Leg cramps can be common when starting a Ketogenic diet because of the substantial physiological changes that occur when switching your body from primarily burning glucose for energy to using fat. To understand how to fix the issue, first, we need to understand precisely what is causing the problem.
Tip: There are many great resources online. Don’t miss my guide to getting started on keto or download my comprehensive How to Get Started with the Keto Diet ebook, where all the resources to get started are compiled in a simple downloadable format without needing to read multiple blog posts.

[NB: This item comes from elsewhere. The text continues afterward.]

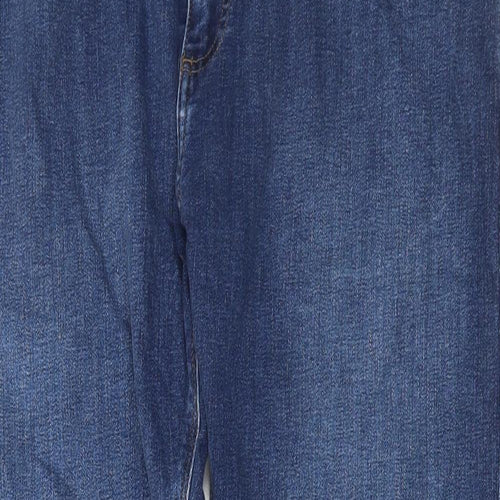 Marks and Spencer Mens Blue Cotton Straight Jeans Size 36 in L31 in Regular Button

What causes leg cramps on the ketogenic diet

Causes of muscle cramps for most people may vary. Some reasons are exercising for long periods, muscle strain, dehydration, or even taking certain medications. Muscle cramps are typically not harmful and do not require medical care.

While on a keto diet, your body processes things differently. When it comes to keto muscle cramps, there is a central reason for their occurrence that involves processing the hormone insulin. When you consume fewer carbs, your body does not need to produce as much insulin since insulin is what helps regulates the glucose you get from carbohydrates. So since you are eating fewer carbs on a keto diet, your body does not need as much insulin as it usually requires.
Having less insulin in your body signals to your kidneys that they do not need to absorb as much sodium. So instead of your body absorbing it like it usually does, it releases it in your urine. That means that less sodium is being absorbed, leading to a sodium deficiency.
Sodium is a key electrolyte, so having low sodium results in an electrolyte imbalance affecting other essential electrolytes like calcium, potassium, and magnesium. When there is an imbalance, electrical messages get thrown off, causing spasms and contractions of the muscle.
The primary goal of electrolytes is to help push fluid in and out of your muscle and nerve cells. This helps to keep you hydrated. But without them, your body becomes dehydrated, and dehydration leads to leg cramps.

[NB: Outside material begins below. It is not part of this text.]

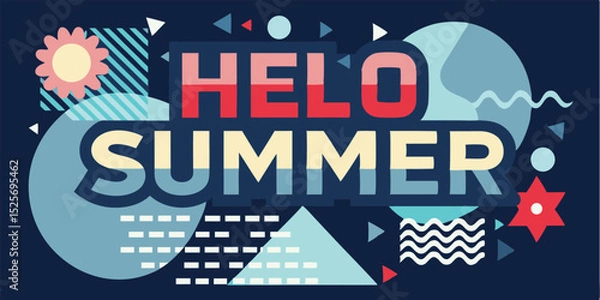 Fototapeta Hello Summer! Vibrant Summer Pattern Design with Bold Modern Typography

Are leg cramps a sign of ketosis?

If you do not typically experience leg cramps but are now feeling them after starting a keto diet, it could be a sign your body is entering ketosis. Because leg cramps result from an electrolyte imbalance, this usually means your body is processing insulin differently. If it is processing insulin differently, then you know things are changing biologically, which is what needs to happen to get into ketosis.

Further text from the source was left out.